PROBLEM TO WORK ON: Without altering a single word, repeat the records that follow.

DATA RECORDS:
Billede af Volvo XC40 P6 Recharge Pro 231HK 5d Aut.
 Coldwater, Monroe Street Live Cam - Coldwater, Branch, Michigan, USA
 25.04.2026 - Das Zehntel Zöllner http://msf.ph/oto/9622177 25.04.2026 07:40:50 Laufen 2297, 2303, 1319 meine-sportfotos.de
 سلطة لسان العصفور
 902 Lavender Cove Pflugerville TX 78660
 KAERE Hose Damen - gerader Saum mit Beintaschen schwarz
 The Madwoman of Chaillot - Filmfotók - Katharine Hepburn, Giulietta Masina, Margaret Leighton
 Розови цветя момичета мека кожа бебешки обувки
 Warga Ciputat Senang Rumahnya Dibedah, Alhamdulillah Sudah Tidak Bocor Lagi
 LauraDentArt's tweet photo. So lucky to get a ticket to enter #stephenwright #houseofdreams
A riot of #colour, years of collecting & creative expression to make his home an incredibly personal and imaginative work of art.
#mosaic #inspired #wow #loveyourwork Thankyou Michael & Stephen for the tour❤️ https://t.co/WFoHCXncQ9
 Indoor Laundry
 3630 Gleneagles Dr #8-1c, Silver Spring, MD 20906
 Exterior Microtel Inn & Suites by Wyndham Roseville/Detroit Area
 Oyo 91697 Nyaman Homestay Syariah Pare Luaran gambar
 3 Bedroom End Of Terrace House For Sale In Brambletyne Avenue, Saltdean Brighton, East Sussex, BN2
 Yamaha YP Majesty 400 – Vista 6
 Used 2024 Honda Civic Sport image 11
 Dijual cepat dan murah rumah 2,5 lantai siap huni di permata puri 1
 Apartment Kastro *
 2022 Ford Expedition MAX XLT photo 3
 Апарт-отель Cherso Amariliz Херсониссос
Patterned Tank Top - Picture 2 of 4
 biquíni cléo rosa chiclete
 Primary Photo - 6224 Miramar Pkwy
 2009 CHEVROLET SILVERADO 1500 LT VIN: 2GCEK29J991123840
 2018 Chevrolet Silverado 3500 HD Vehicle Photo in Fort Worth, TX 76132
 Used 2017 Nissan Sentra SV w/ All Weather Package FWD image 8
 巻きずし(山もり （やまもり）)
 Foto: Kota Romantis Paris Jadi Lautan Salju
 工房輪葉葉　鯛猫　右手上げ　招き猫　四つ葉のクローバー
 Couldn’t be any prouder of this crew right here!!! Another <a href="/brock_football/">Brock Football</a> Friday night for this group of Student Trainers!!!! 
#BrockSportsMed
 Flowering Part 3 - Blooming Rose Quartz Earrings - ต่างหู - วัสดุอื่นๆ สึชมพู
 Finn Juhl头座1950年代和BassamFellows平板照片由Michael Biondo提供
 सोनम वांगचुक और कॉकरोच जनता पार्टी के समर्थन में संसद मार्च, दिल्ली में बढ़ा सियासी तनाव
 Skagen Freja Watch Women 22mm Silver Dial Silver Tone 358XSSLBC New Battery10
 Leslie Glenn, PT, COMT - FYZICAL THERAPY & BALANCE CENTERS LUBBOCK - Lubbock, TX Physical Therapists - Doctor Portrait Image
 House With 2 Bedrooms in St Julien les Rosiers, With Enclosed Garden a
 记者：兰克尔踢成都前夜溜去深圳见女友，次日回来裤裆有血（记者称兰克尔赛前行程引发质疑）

YOUR SOLUTION:
Billede af Volvo XC40 P6 Recharge Pro 231HK 5d Aut.
 Coldwater, Monroe Street Live Cam - Coldwater, Branch, Michigan, USA
 25.04.2026 - Das Zehntel Zöllner http://msf.ph/oto/9622177 25.04.2026 07:40:50 Laufen 2297, 2303, 1319 meine-sportfotos.de
 سلطة لسان العصفور
 902 Lavender Cove Pflugerville TX 78660
 KAERE Hose Damen - gerader Saum mit Beintaschen schwarz
 The Madwoman of Chaillot - Filmfotók - Katharine Hepburn, Giulietta Masina, Margaret Leighton
 Розови цветя момичета мека кожа бебешки обувки
 Warga Ciputat Senang Rumahnya Dibedah, Alhamdulillah Sudah Tidak Bocor Lagi
 LauraDentArt's tweet photo. So lucky to get a ticket to enter #stephenwright #houseofdreams
A riot of #colour, years of collecting & creative expression to make his home an incredibly personal and imaginative work of art.
#mosaic #inspired #wow #loveyourwork Thankyou Michael & Stephen for the tour❤️ https://t.co/WFoHCXncQ9
 Indoor Laundry
 3630 Gleneagles Dr #8-1c, Silver Spring, MD 20906
 Exterior Microtel Inn & Suites by Wyndham Roseville/Detroit Area
 Oyo 91697 Nyaman Homestay Syariah Pare Luaran gambar
 3 Bedroom End Of Terrace House For Sale In Brambletyne Avenue, Saltdean Brighton, East Sussex, BN2
 Yamaha YP Majesty 400 – Vista 6
 Used 2024 Honda Civic Sport image 11
 Dijual cepat dan murah rumah 2,5 lantai siap huni di permata puri 1
 Apartment Kastro *
 2022 Ford Expedition MAX XLT photo 3
 Апарт-отель Cherso Amariliz Херсониссос
Patterned Tank Top - Picture 2 of 4
 biquíni cléo rosa chiclete
 Primary Photo - 6224 Miramar Pkwy
 2009 CHEVROLET SILVERADO 1500 LT VIN: 2GCEK29J991123840
 2018 Chevrolet Silverado 3500 HD Vehicle Photo in Fort Worth, TX 76132
 Used 2017 Nissan Sentra SV w/ All Weather Package FWD image 8
 巻きずし(山もり （やまもり）)
 Foto: Kota Romantis Paris Jadi Lautan Salju
 工房輪葉葉　鯛猫　右手上げ　招き猫　四つ葉のクローバー
 Couldn’t be any prouder of this crew right here!!! Another <a href="/brock_football/">Brock Football</a> Friday night for this group of Student Trainers!!!! 
#BrockSportsMed
 Flowering Part 3 - Blooming Rose Quartz Earrings - ต่างหู - วัสดุอื่นๆ สึชมพู
 Finn Juhl头座1950年代和BassamFellows平板照片由Michael Biondo提供
 सोनम वांगचुक और कॉकरोच जनता पार्टी के समर्थन में संसद मार्च, दिल्ली में बढ़ा सियासी तनाव
 Skagen Freja Watch Women 22mm Silver Dial Silver Tone 358XSSLBC New Battery10
 Leslie Glenn, PT, COMT - FYZICAL THERAPY & BALANCE CENTERS LUBBOCK - Lubbock, TX Physical Therapists - Doctor Portrait Image
 House With 2 Bedrooms in St Julien les Rosiers, With Enclosed Garden a
 记者：兰克尔踢成都前夜溜去深圳见女友，次日回来裤裆有血（记者称兰克尔赛前行程引发质疑）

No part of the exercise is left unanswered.